I must confess that, given the number of accidents involving Brightline in its first months of operation, there was some nervousness during that rain as we flashed past grade crossing after grade crossing. It was comforting, however, to see FEC employees in bright vests guarding many of the crossings—just to make sure some fool didn’t invite eternity by driving around the crossing gates.
Which brings us to the challenge facing the new train if it is to reach its potential. There are hundreds of grade crossings on those tracks, each one an accident waiting to happen. They won’t be as dangerous once motorists get used to seeing the train race by, but it will take time for people who are used to slow moving (sometimes even stopped) freight trains to realize that their days of trying to beat the trains are over.

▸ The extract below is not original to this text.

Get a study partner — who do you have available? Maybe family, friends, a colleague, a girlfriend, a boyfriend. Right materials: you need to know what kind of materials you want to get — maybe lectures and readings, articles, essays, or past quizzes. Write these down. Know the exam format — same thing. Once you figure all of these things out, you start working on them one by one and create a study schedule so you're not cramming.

But the fact is that eliminating those crossings should be a priority for all communities along the track. They should have never permitted them in the first place. In major northern cities tracks that originally met streets at grade level were elevated, depressed or bridged more than 100 years ago. The fast Acela train on the northeast corridor has very few grade crossings along the entire 200 miles from New York to Washington.
It will take years, and great investment to bring the FEC up to that safety standard, but a good start would be eliminating dozens of the less busy crossings. That would open up stretches where the train might even go faster than the 79 miles per hour now permitted. In the longer run bridges can be constructed on those sections where no major buildings would have to be razed to make room.

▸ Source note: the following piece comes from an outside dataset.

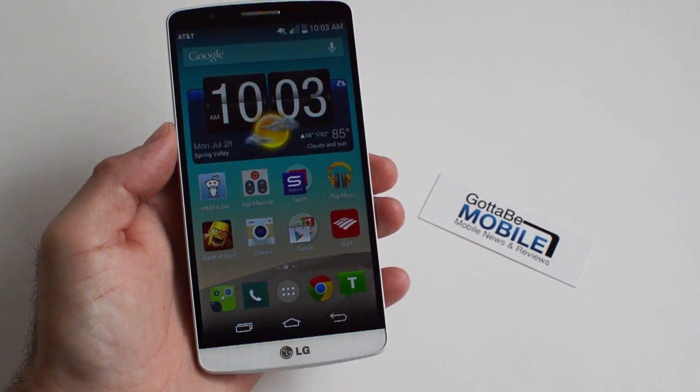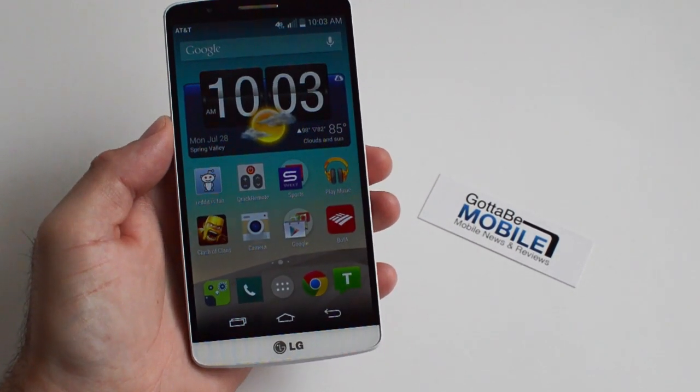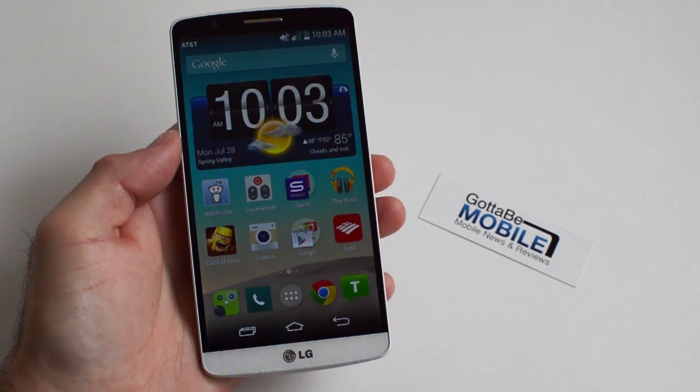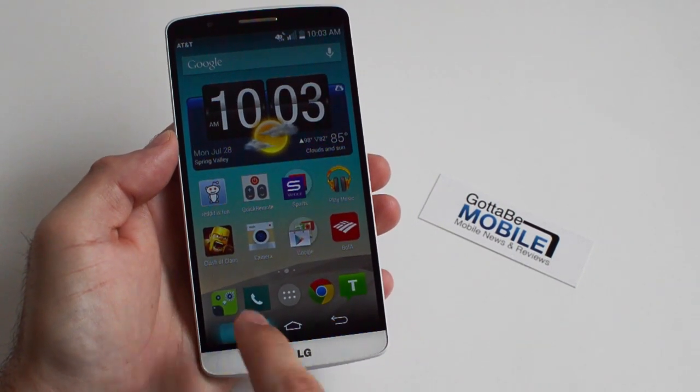Hey, what's up guys, Cory here with Gotta Be Mobile and the LG G3. Today what we wanted to show you is just a quick, simple, dirty trick to change the way multitasking or app switching works.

Those safety improvements would surely reduce the criticism of the new train, which has been especially strident on the Treasure Coast. But that opposition would stop on a dime if, as is likely, Brightline adds a stop or two between West Palm Beach and Cocoa Beach, where a new track is scheduled to take the train on its last 40 miles to Orlando. All it would take to silence some critics is one ride on the train. No one who does that can fail to appreciate its value.
The train will soon be extended to Miami, greatly enhancing its utility, and it is almost a certainty that several stops between Lauderdale and the major station in downtown Miami will be added. The Fort Lauderdale-Hollywood International Airport is the most obvious. The track passes directly under the airport entrance (which once was a grade crossing) in contrast to Tri-Rail’s nearest station, which requires a bus shuttle. However, Brightline should not become another Tri-Rail, with stops every few miles; that would negate its speed advantage. Stops every 10 to 15 miles would seem about right.
Bottom line: Congratulations to the FEC and Brightline. You are long overdue and most welcome.